== Segment start ==

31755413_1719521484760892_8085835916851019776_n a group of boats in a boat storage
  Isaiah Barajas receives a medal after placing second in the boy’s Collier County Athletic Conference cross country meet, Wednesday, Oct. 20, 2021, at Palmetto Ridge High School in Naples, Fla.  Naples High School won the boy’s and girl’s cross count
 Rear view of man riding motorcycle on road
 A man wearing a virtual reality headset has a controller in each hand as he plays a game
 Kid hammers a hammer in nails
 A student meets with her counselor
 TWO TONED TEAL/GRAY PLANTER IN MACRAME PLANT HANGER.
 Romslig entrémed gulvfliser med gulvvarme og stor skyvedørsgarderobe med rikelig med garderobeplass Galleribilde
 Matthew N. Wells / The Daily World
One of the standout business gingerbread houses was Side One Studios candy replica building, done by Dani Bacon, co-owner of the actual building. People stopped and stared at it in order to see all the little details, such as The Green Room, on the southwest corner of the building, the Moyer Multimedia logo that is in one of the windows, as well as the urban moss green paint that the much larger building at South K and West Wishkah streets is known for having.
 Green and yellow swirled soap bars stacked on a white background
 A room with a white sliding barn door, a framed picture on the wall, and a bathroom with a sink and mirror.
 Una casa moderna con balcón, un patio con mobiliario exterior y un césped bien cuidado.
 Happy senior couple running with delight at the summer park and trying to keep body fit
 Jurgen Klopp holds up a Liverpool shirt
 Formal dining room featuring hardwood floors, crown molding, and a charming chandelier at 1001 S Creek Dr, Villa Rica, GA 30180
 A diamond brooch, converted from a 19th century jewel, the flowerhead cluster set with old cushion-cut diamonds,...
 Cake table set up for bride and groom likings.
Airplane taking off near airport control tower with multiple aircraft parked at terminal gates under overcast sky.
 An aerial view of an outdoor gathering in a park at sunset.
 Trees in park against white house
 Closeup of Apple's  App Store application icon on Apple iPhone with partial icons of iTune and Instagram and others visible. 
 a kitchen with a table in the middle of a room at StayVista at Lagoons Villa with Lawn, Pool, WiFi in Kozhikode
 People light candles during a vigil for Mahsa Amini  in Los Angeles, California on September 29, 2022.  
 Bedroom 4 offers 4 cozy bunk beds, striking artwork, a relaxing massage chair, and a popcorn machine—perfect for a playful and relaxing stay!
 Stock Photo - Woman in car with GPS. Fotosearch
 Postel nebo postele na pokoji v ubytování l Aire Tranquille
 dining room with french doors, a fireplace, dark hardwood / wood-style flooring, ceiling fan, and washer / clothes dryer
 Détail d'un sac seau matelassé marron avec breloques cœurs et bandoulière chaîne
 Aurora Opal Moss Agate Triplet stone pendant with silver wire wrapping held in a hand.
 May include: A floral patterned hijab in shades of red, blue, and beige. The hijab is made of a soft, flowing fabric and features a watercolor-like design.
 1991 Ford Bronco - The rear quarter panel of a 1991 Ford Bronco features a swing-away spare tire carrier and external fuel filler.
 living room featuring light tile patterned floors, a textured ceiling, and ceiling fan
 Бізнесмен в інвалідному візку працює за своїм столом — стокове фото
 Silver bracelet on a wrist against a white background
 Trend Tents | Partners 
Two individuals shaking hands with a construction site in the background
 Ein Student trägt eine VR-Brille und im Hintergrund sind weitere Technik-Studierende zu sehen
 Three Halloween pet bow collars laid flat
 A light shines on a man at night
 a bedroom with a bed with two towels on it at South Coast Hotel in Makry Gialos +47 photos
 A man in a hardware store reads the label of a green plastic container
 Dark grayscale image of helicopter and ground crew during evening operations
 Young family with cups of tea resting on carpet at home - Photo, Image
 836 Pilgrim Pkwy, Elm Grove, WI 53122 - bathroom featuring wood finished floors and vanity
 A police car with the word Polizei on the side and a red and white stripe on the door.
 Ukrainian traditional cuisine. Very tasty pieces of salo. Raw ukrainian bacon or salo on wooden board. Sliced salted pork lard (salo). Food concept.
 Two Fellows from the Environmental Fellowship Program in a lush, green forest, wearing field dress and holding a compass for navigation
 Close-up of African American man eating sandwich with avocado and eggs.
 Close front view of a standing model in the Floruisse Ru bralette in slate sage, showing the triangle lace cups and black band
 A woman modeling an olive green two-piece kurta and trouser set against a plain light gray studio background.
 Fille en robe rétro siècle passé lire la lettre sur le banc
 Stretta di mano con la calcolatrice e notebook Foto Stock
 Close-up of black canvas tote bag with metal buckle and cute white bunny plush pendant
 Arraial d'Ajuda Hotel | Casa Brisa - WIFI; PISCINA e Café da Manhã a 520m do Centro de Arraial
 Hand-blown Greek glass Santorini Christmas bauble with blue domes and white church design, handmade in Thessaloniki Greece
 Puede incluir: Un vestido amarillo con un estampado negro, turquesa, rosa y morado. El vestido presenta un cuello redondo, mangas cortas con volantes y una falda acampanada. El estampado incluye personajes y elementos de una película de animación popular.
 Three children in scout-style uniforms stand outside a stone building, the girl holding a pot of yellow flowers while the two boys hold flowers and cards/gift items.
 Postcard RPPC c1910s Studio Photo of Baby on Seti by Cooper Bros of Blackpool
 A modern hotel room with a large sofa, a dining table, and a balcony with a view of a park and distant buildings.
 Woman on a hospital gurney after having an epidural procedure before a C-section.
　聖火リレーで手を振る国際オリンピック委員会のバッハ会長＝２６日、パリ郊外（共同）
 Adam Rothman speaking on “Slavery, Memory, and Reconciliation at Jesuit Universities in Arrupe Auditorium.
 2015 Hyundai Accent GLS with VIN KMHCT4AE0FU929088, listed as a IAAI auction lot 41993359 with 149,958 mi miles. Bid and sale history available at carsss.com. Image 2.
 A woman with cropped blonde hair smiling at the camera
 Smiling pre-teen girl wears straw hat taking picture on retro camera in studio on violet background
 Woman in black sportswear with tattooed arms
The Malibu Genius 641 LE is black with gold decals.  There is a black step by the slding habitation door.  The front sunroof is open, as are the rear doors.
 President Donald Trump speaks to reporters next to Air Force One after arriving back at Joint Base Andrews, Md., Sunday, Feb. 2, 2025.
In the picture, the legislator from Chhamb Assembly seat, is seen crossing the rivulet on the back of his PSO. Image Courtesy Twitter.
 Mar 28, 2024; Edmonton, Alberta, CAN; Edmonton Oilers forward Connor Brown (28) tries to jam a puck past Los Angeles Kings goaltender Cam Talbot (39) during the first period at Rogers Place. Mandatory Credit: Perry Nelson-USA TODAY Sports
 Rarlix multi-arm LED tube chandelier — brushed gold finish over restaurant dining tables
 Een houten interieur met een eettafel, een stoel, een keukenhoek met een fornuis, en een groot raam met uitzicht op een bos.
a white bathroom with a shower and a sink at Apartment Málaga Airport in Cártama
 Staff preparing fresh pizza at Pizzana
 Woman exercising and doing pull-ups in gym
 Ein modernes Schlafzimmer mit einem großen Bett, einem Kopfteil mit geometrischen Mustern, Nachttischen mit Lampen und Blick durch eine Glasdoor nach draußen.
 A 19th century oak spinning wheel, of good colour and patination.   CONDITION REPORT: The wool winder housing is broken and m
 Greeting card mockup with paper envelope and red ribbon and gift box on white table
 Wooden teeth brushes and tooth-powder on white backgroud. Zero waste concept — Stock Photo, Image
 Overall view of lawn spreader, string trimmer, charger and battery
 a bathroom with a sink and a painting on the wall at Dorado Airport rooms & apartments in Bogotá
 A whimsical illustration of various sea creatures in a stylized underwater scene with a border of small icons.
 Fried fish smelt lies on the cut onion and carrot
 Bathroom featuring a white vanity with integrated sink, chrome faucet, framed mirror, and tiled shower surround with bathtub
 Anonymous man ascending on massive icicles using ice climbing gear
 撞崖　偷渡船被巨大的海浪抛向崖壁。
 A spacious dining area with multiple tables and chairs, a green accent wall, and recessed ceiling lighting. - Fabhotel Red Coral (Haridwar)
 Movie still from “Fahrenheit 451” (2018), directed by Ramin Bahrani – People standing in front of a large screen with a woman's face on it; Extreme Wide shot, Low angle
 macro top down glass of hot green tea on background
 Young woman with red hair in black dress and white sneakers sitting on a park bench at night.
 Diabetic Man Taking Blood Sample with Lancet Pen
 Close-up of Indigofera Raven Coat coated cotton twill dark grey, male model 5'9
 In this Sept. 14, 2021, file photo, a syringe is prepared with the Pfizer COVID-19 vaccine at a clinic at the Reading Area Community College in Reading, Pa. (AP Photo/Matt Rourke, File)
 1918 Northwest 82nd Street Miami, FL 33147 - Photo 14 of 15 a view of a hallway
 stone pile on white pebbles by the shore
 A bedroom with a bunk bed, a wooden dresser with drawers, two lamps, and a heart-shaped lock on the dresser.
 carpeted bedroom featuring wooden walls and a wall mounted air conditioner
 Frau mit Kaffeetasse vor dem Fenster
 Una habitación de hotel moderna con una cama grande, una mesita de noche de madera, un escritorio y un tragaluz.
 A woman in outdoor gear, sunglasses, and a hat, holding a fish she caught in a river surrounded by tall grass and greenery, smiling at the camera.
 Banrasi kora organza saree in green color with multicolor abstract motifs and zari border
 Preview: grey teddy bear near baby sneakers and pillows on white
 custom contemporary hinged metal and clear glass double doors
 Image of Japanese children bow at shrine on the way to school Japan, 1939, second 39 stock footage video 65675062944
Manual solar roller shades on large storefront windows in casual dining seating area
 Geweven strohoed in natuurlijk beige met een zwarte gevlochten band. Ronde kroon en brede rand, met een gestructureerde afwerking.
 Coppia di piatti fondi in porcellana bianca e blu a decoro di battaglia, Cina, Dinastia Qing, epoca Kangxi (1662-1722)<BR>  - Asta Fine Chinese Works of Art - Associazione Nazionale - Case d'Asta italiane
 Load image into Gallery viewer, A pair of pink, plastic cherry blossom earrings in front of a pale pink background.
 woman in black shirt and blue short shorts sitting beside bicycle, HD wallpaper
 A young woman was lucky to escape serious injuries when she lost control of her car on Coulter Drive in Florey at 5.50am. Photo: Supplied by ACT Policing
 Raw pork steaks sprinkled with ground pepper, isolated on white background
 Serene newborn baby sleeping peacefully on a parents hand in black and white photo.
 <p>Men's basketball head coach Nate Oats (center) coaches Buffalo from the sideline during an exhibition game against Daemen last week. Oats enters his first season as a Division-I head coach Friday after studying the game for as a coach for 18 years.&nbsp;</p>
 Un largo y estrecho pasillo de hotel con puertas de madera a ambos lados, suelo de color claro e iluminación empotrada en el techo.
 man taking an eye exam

== Segment end ==

= EXERCISE INSTRUCTIONS =
Reproduce the lines of the entries above from the one with "聖火リレーで手を振る国際オリ" to the one with "Woman exercising and doing pull-ups in gym", both included, exactly and without any other line.

= WRITTEN ANSWER =
　聖火リレーで手を振る国際オリンピック委員会のバッハ会長＝２６日、パリ郊外（共同）
 Adam Rothman speaking on “Slavery, Memory, and Reconciliation at Jesuit Universities in Arrupe Auditorium.
 2015 Hyundai Accent GLS with VIN KMHCT4AE0FU929088, listed as a IAAI auction lot 41993359 with 149,958 mi miles. Bid and sale history available at carsss.com. Image 2.
 A woman with cropped blonde hair smiling at the camera
 Smiling pre-teen girl wears straw hat taking picture on retro camera in studio on violet background
 Woman in black sportswear with tattooed arms
The Malibu Genius 641 LE is black with gold decals.  There is a black step by the slding habitation door.  The front sunroof is open, as are the rear doors.
 President Donald Trump speaks to reporters next to Air Force One after arriving back at Joint Base Andrews, Md., Sunday, Feb. 2, 2025.
In the picture, the legislator from Chhamb Assembly seat, is seen crossing the rivulet on the back of his PSO. Image Courtesy Twitter.
 Mar 28, 2024; Edmonton, Alberta, CAN; Edmonton Oilers forward Connor Brown (28) tries to jam a puck past Los Angeles Kings goaltender Cam Talbot (39) during the first period at Rogers Place. Mandatory Credit: Perry Nelson-USA TODAY Sports
 Rarlix multi-arm LED tube chandelier — brushed gold finish over restaurant dining tables
 Een houten interieur met een eettafel, een stoel, een keukenhoek met een fornuis, en een groot raam met uitzicht op een bos.
a white bathroom with a shower and a sink at Apartment Málaga Airport in Cártama
 Staff preparing fresh pizza at Pizzana
 Woman exercising and doing pull-ups in gym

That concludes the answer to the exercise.